B. The Findings and the Record Concerning the Marriage
The wife and husband, after some months of living and traveling together, were married on June 23, 1979. No children were born of this marriage. The wife, at the 1988 trial in her middle forties, had been married once before. She has had no children by either marriage. The husband, in his fifties, had been married twice before and has two adult children.
The husband is a senior executive and a director of a large corporation. He has or has had annual income from salary, bonuses, stock dividends, interest, and capital gains of about $732,000. This figure does not include the exercise of stock options or income in the form of debt forgiveness by his employer corporation. Such items have accounted for taxable income to the husband of several million dollars from 1984 to the date of trial. Before the 1979 marriage, the husband had already participated in founding the company of which he is an officer and in arranging for stock purchase options, loan cancellations or withdrawals, and similar benefits. His 1979 net worth was over $11,000,000.
The wife currently lives in Florida, where she is operating a horse training and horse brokerage business, started during the marriage as set out later in this opinion. Before the marriage, the wife was a graduate student at Harvard, working toward a Ph.D. in fine arts. She was earning about $100 per week as a teaching fellow at Massachusetts Institute of Technology when she met the husband and, during the year before they married, she earned $60,000 as a photographer. This occupation, because of her affliction with Raynaud's disease (discussed below), she cannot now resume. She had $16,000 in a bank account, an automobile, and a collection of works by the artist Alexander Calder, her great uncle. During the marriage, the husband (through contacts by the
wife with her relatives) purchased another Calder painting ("Circus") for the wife's collection for $10,000 and paid an additional $6,000 for its restoration.
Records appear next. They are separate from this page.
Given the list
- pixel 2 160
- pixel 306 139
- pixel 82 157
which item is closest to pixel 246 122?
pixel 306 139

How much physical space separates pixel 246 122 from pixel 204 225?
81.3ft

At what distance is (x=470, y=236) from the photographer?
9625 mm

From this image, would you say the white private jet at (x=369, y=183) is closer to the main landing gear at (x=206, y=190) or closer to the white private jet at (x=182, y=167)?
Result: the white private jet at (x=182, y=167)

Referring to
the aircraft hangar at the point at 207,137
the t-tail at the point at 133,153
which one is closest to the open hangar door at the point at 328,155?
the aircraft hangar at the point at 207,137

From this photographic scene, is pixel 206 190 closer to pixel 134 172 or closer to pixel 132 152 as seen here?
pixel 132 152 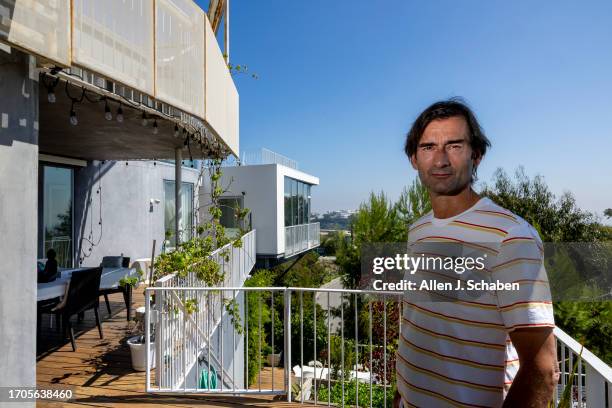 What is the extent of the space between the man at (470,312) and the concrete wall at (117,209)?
902cm

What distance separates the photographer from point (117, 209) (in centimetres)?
1020

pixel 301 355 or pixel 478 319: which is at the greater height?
pixel 478 319

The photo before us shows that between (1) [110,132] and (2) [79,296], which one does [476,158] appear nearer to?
(2) [79,296]

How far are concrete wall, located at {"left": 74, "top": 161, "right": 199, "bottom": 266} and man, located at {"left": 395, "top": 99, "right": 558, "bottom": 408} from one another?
9024mm

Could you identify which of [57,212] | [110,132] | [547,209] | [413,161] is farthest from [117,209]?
[547,209]

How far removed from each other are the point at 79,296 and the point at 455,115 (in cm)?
476

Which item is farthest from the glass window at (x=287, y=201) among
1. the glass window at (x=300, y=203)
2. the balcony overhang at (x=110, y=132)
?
the balcony overhang at (x=110, y=132)

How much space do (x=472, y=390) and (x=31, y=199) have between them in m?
2.63

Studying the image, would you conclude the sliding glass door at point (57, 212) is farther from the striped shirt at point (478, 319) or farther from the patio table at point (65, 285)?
the striped shirt at point (478, 319)

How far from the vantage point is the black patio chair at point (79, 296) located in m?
4.27

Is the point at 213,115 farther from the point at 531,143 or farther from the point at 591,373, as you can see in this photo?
the point at 531,143

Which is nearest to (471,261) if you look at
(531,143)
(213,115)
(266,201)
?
(213,115)

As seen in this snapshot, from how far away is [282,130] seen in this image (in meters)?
24.4

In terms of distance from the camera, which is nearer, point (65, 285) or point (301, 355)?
point (301, 355) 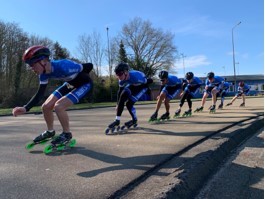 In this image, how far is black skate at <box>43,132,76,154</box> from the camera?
585 centimetres

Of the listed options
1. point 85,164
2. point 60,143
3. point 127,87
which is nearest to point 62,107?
point 60,143

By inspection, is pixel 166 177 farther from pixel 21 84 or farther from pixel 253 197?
pixel 21 84

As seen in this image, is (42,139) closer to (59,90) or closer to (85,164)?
(59,90)

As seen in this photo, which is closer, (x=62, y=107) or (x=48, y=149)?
(x=48, y=149)

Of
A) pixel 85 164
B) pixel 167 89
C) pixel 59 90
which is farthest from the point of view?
pixel 167 89

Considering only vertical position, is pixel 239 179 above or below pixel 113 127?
below

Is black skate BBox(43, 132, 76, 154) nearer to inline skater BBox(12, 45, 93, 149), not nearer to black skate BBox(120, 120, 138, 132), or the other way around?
inline skater BBox(12, 45, 93, 149)

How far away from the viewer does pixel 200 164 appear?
4617 mm

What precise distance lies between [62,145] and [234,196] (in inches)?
132

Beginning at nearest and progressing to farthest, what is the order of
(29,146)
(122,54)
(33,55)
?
(33,55) → (29,146) → (122,54)

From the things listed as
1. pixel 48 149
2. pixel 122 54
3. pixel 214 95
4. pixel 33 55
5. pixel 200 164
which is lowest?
pixel 200 164

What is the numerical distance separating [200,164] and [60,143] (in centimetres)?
266

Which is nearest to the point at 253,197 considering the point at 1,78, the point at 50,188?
the point at 50,188

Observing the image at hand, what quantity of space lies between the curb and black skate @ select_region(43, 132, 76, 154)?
2.19 m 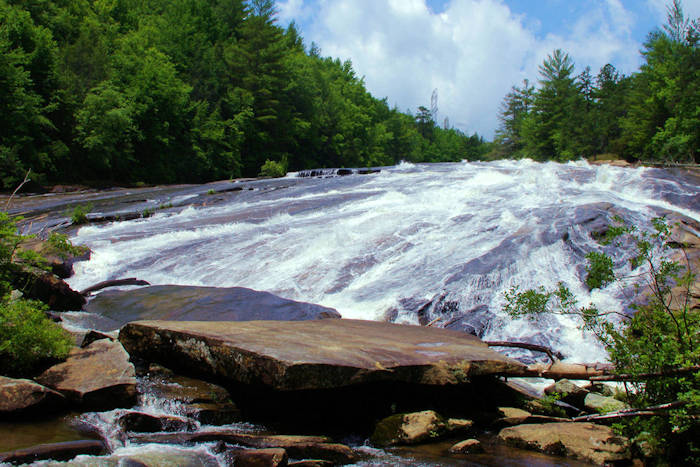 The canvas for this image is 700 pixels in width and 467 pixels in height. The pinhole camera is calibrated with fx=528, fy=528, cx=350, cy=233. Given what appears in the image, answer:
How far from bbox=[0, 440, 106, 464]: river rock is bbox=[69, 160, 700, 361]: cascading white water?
17.8ft

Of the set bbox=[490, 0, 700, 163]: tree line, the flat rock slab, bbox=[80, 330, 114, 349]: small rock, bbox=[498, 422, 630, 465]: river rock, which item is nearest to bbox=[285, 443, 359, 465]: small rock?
the flat rock slab

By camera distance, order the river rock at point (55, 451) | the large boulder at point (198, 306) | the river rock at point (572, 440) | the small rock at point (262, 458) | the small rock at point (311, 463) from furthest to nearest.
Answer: the large boulder at point (198, 306)
the river rock at point (572, 440)
the small rock at point (311, 463)
the small rock at point (262, 458)
the river rock at point (55, 451)

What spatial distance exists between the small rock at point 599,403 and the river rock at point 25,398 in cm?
492

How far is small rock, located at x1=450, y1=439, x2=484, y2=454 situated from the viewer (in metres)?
4.43

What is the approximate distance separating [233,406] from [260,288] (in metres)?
5.51

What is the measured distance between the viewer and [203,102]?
3984cm

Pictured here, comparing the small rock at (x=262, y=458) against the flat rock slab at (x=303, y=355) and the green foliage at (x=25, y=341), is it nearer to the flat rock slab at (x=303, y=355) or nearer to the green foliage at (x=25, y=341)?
the flat rock slab at (x=303, y=355)

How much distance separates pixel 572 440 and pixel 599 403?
105 cm

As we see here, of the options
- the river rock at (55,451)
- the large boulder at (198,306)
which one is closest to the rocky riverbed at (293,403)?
the river rock at (55,451)

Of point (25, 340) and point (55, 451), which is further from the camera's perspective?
point (25, 340)

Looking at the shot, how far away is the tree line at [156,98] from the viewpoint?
90.1 ft

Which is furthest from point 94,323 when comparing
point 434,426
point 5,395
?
point 434,426

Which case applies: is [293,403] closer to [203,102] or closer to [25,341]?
[25,341]

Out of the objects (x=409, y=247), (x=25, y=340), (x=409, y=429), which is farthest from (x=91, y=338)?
(x=409, y=247) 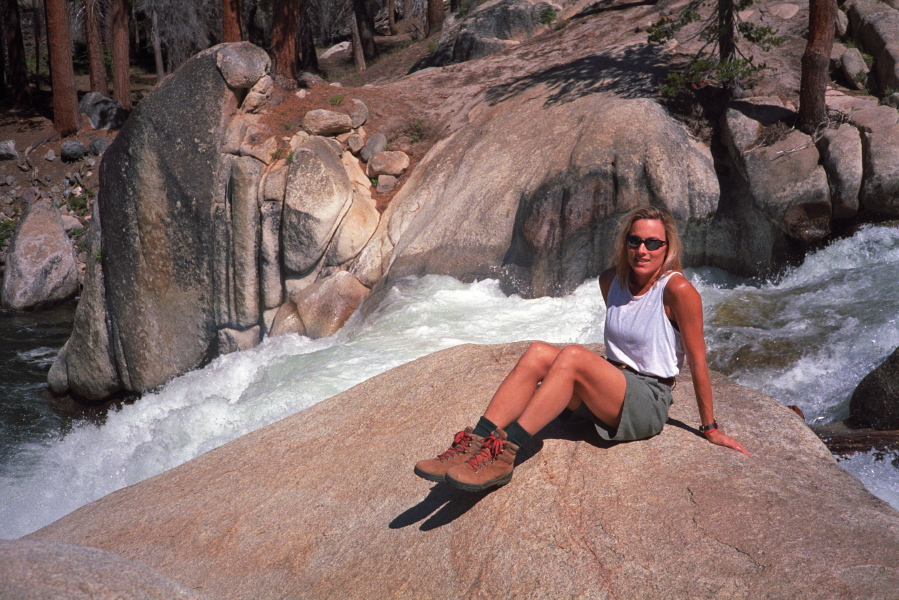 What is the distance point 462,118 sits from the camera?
11.4 meters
The wife was diagnosed in 1982 as suffering from Raynaud's disease, a condition which results in constriction of the arteries in the hands and feet. The results are swelling and discoloration of the extremities, loss of dexterity, and skin ulcerations. [Note 4] The husband is in good health and has no disability. "It appears that the wife is employable . . . as a trainer and importer of horses." She has in varying degrees other possible vocational skills (obtained with encouragement of the husband and in part paid for by him) in the areas of fine arts, design, and broadcasting.
During their marriage, the couple enjoyed a lavish life-style. They had several places of abode, including one on Beacon Hill, Boston. They also owned, at different times, farms in New Hampshire, one in Hollis, and later a sixty-acre estate in Dover, Massachusetts, which cost $3,000,000, with a $600,000 riding ring added later. Hired employees or servants took care of at least some of the husband's and wife's daily domestic and farm needs. The parties' station in life was that of very wealthy persons. The wife, "[f]rom the very modest life-style of a teaching fellow prior to the marriage . . . ha[d] been catapulted to a standard of living which very few have ever seen, let alone enjoy[ed]."
The husband contributed large financial resources to the marriage. The husband also provided emotional and some financial support to the wife in her attempts to take her Ph.D. degree at Harvard and in some later formal instruction in the fields of design and broadcasting. She "has had a virtually
unlimited expense account including over twenty . . . charge accounts at all of the nationally named stores."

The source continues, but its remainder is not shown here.